* _Task to carry out_:
What you return should be the full listing, copied exactly and stripped of its pictures.

* _Data provided_:
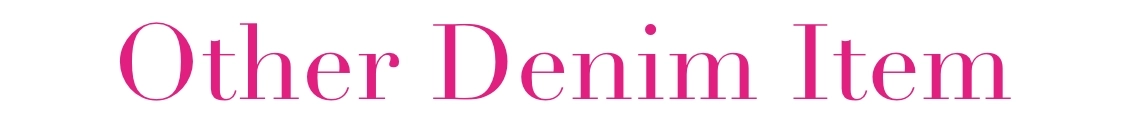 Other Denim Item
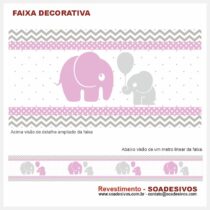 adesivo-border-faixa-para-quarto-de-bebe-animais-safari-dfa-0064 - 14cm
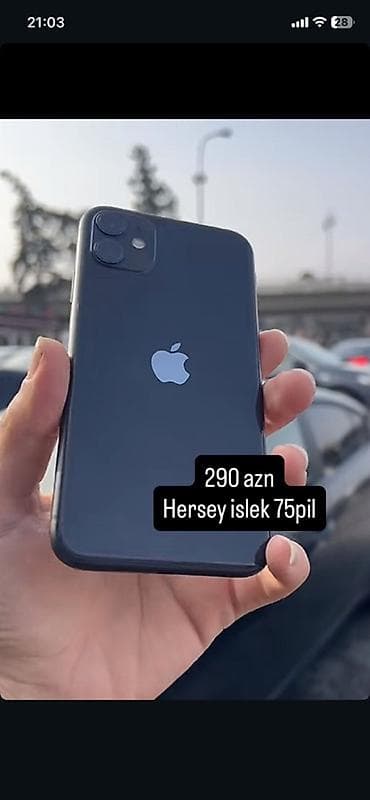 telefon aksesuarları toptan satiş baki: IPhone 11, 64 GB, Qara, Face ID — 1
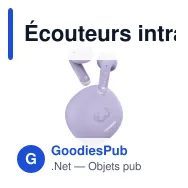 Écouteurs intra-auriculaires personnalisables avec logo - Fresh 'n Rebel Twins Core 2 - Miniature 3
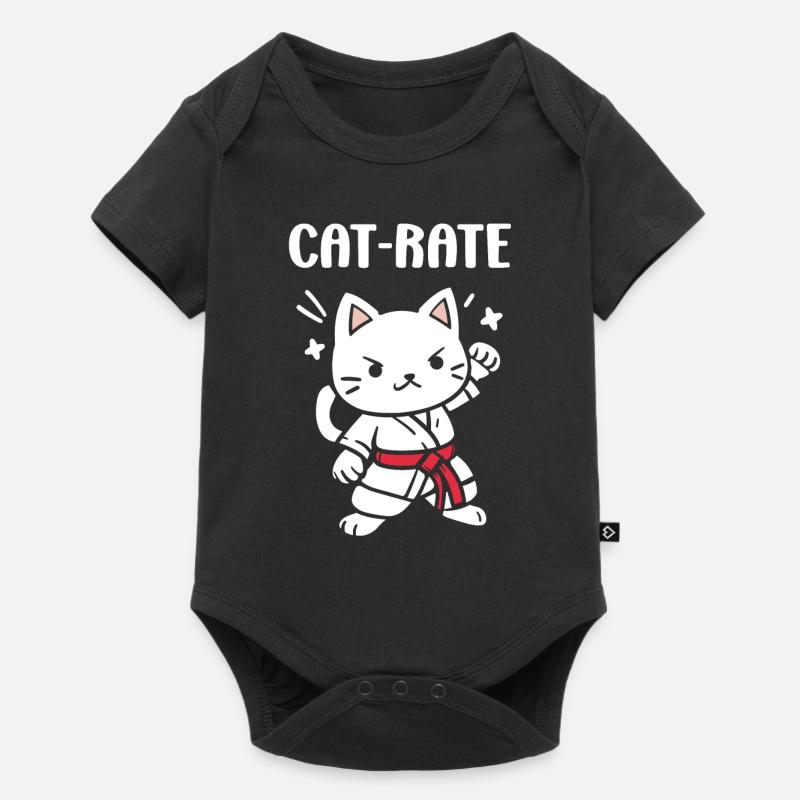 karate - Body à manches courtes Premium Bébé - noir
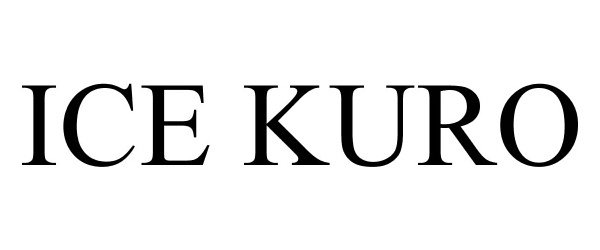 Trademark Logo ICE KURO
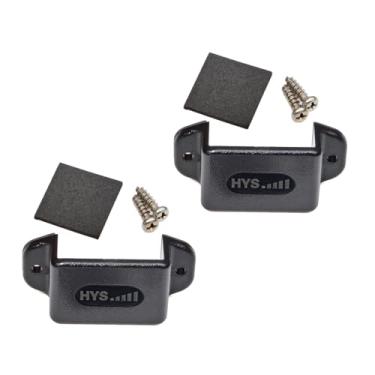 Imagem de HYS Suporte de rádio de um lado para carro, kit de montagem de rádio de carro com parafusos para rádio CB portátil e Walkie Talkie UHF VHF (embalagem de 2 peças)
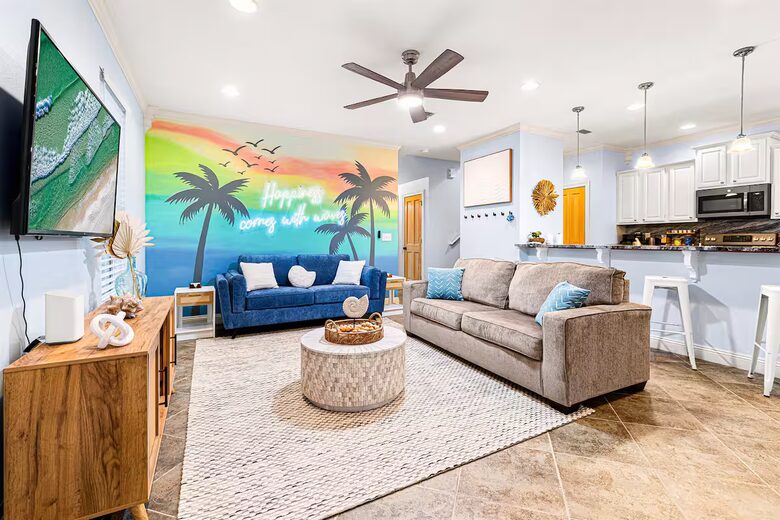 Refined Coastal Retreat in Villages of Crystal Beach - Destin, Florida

* _Exercise answer_:
 Other Denim Item
 adesivo-border-faixa-para-quarto-de-bebe-animais-safari-dfa-0064 - 14cm
 telefon aksesuarları toptan satiş baki: IPhone 11, 64 GB, Qara, Face ID — 1
 Écouteurs intra-auriculaires personnalisables avec logo - Fresh 'n Rebel Twins Core 2 - Miniature 3
 karate - Body à manches courtes Premium Bébé - noir
 Trademark Logo ICE KURO
 Imagem de HYS Suporte de rádio de um lado para carro, kit de montagem de rádio de carro com parafusos para rádio CB portátil e Walkie Talkie UHF VHF (embalagem de 2 peças)
 Refined Coastal Retreat in Villages of Crystal Beach - Destin, Florida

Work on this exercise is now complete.